[Items from a dataset]
# # # # # # #
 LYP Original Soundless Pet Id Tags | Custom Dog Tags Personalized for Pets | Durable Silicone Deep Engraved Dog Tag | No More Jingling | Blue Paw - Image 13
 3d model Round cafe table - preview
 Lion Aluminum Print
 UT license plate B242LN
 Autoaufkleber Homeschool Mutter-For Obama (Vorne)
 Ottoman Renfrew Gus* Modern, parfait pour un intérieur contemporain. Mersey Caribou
# # # # # # #
Task details — Extract every line from the one containing "Autoaufkleber Homeschool Mutter-For" to the end of the entries, including both of those lines, exactly as given and with nothing added.

Answer for this exercise —
 Autoaufkleber Homeschool Mutter-For Obama (Vorne)
 Ottoman Renfrew Gus* Modern, parfait pour un intérieur contemporain. Mersey Caribou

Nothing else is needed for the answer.